L’Allemagne éliminée du premier tour. Ça aurait été tout autant inédit qu’apocalyptique. Samedi, alors que la partie qui opposait les Allemands aux Suédois touchait à sa fin, les supporters de la
« Mannschaft » ressentaient certainement un début de gastrite. Le ventre noué et l’estomac qui serrait. La crainte de l’élimination tournait dans les têtes. Certains avaient même des larmes et leurs yeux s’y macéraient.

 

C’était sans compter sur le génie de Toni Kroos. D’un maître de coup franc, le Madrilène, champion d’Europe en club, venaient de sauver la peau des champions du monde.

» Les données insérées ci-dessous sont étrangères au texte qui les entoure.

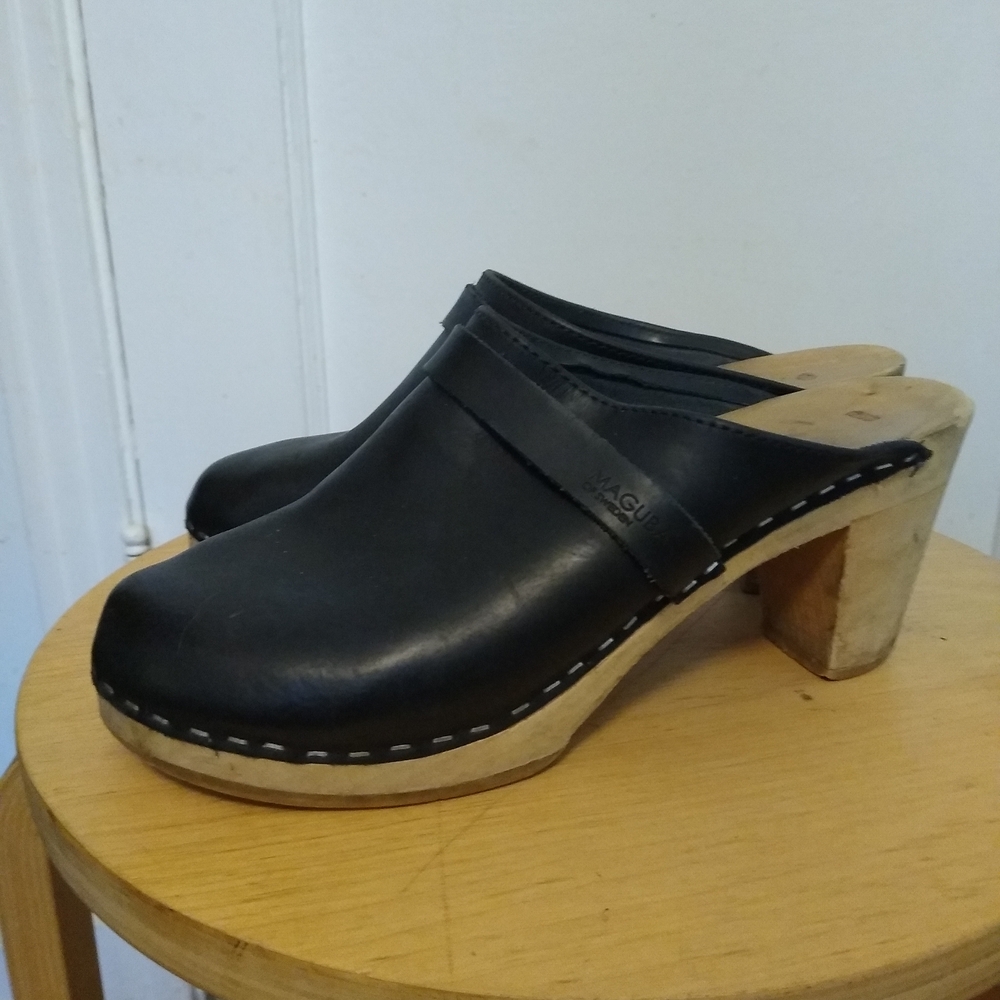 Maguba High Heel Clogs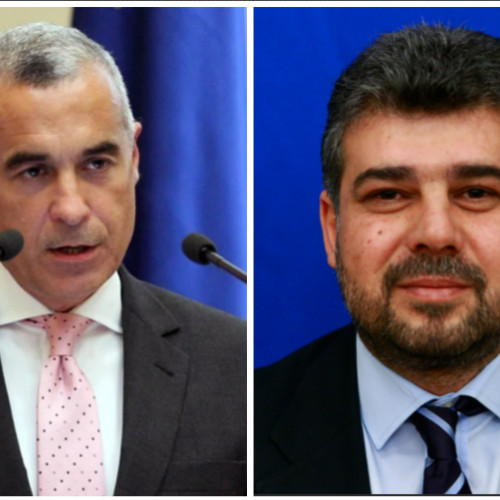 Rezultatele parțiale ale votului: Marcel Ciolacu și Călin Georgescu conduc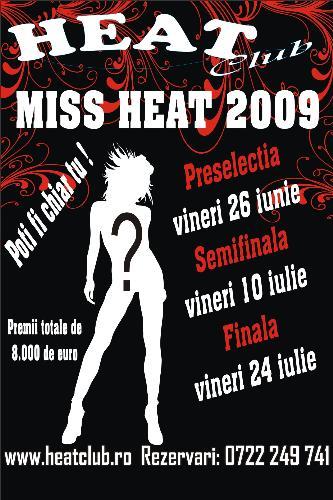 poze miss heat oradea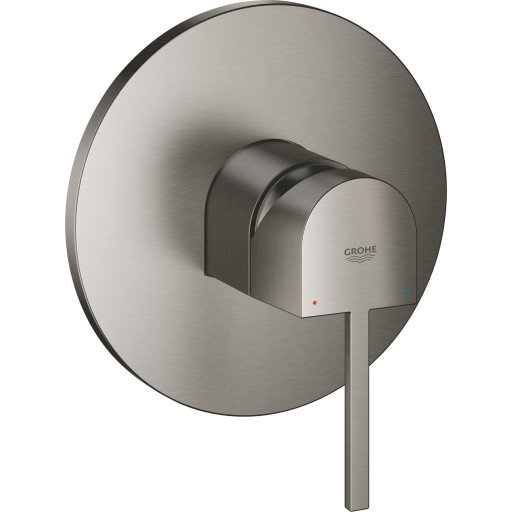 GROHE PLUS DUSJBATTERI FOR INNBYGGING BØRSTET HARD GRAFITT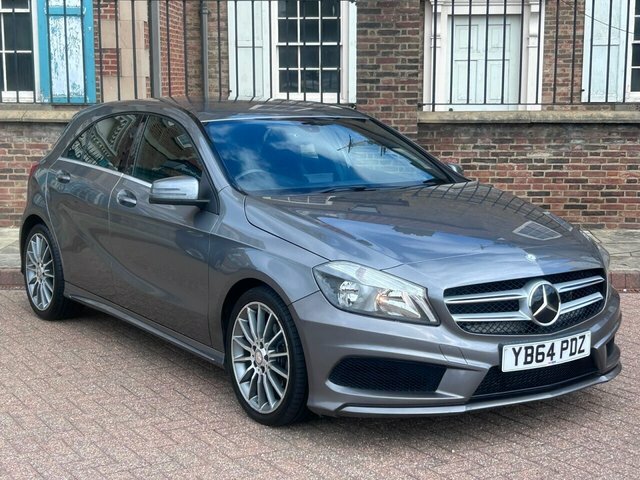 Mercedes-Benz A Class 2015 1.5 A180 Cdi Amg Sport Hatchback M Grey #2
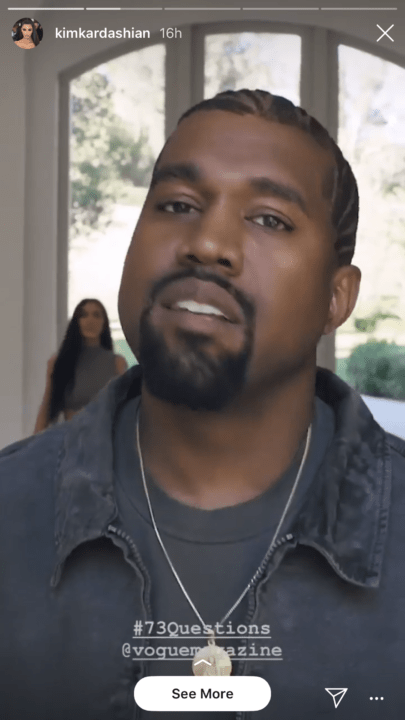 'I don't listen to your advice' - Kanye West shuts Kim Kardashian
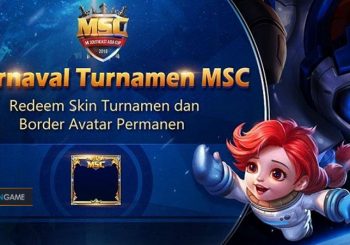 Inilah Cara Untuk Mendapatkan Border Avatar Limited Edition MSC 2018 Mobile Legends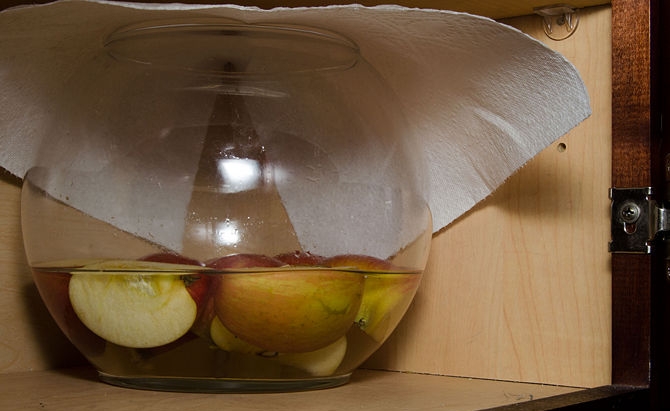 طريقة عمل خل التفاح في المنزل بالصور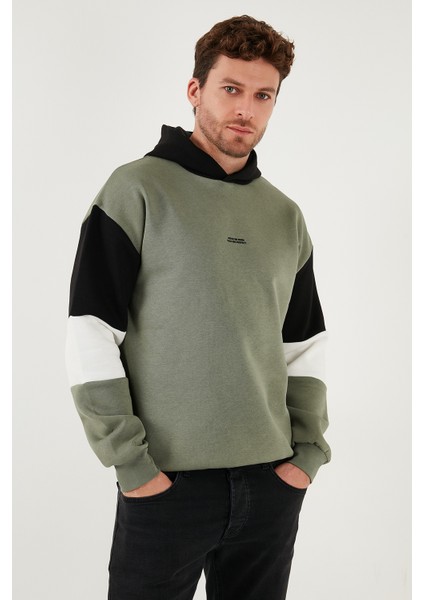Pamuklu Relaxed Fit Kapüşonlu Içi Tüylü Yumuşak Şardonlu 2' Li Paket Sweat Erkek Sweat 5905299S2 fiyatları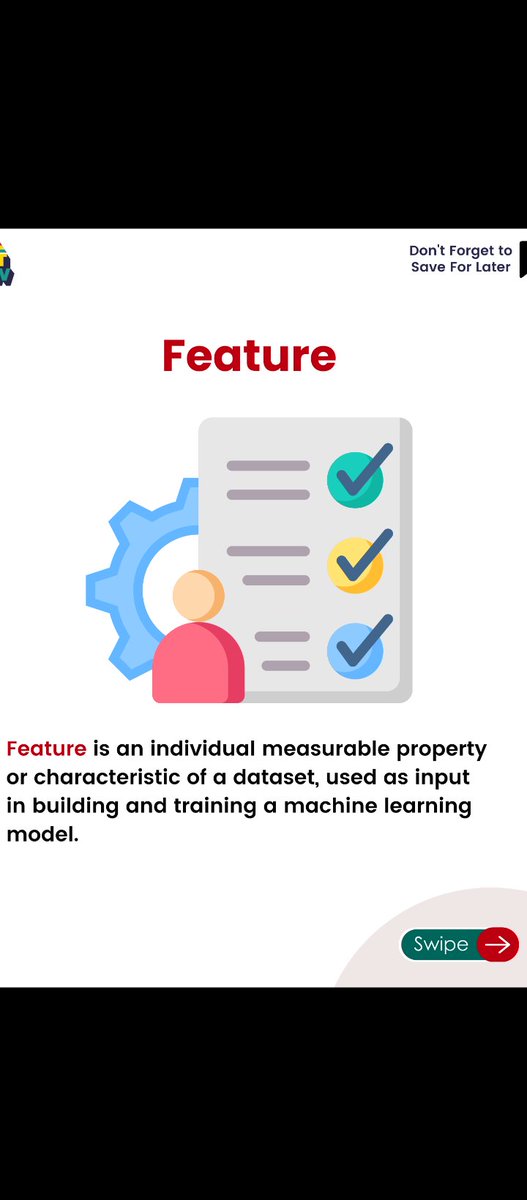 NareshMalik02's tweet image. Learn AI terms - 19 of 25 explained - #features #Hyperparameters #confusionmatrix #clustering
Deep delve into Gen AI.
If you find useful reach to me on how to adopt AI in #Projects #products
#talent #AI #companies #talent #student #GenAI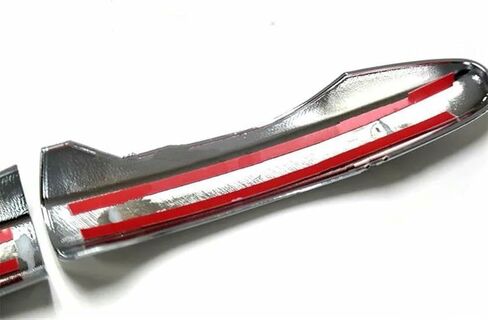Chrome Car Door Handle Cover Trim Sticker Overlays Exterior Door Handle Cover for Volvo XC60 S60L V40 V60 2016-2019 in Saudi Arabia
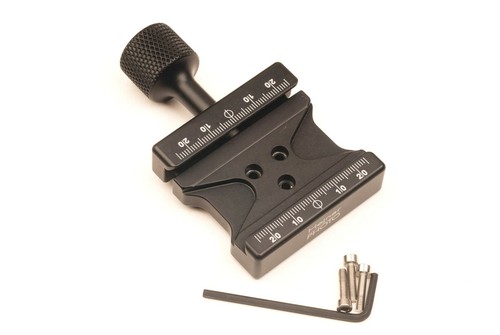 Gitzo GH1780QR Arca Swiss clamp, Works with RRS Wimberley Acratech Arca Swiss - Picture 2 of 5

Tout en sobriété, le pur produit du Bayern Munich, a noyé les appréhensions dans la Bavière envoyant les supporters chanter et savourer des bières.
Non, l’Allemagne n’a pas renoncé à sa couronne. Même si, dans le jeu, on est loin de la « Deutsche Qualität » qui a expédié les poulains de Joachim Löw sur le toit du monde en 2014 au Brésil. Le technicien a trouvé les propos justes pour galvaniser ses troupes menés 1 but à 0 à la pause. Il a aussi reconnu que le duel face à la Suède était un véritable « thriller ».

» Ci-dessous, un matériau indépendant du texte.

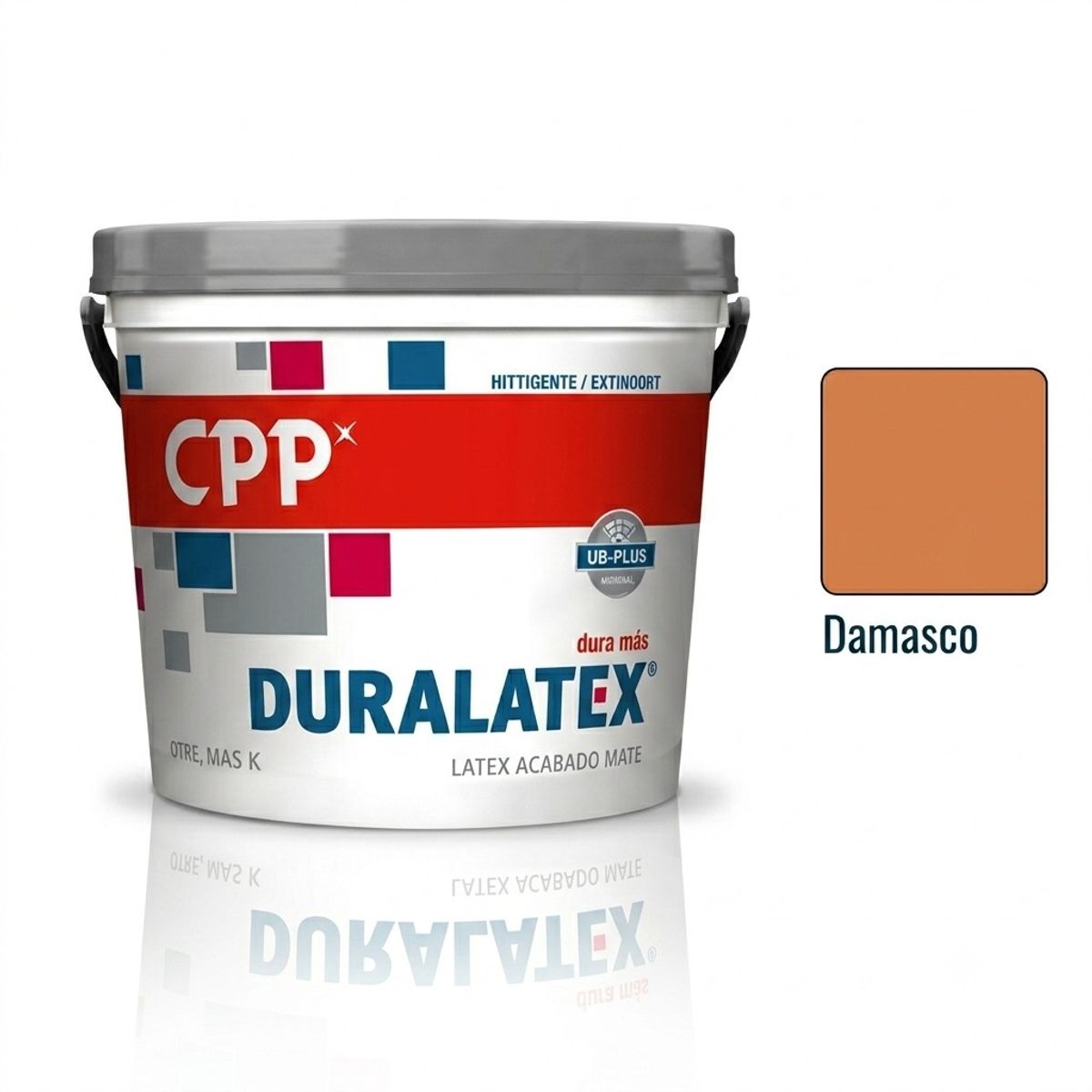 Pintura Duralatex CPP DAMASCO 1GL, marca CPP - Foto Principal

La frayeur, c’est Kroos, coupable sur le premier but adverse, qui l’a  chassée en trouvant le courage et la lucidité pour déposer la balle de match au fond des filets.
Le milieu de terrain a ainsi redonné l’équilibre à une équipe qui vacillait. Le tout, à 1 minute 30 de la fin de la partie. Un brillant coup de pied arrêté qui remettra, peut-être, en marche la machina allemande. Un coup de maître qui relance les maîtres du monde dans la messe planétaire.
Kroos, c’est l’as de  la passe. Le virtuose  qui trouve les solutions dans les mauvaises passes. Toni c’est tout simplement classe.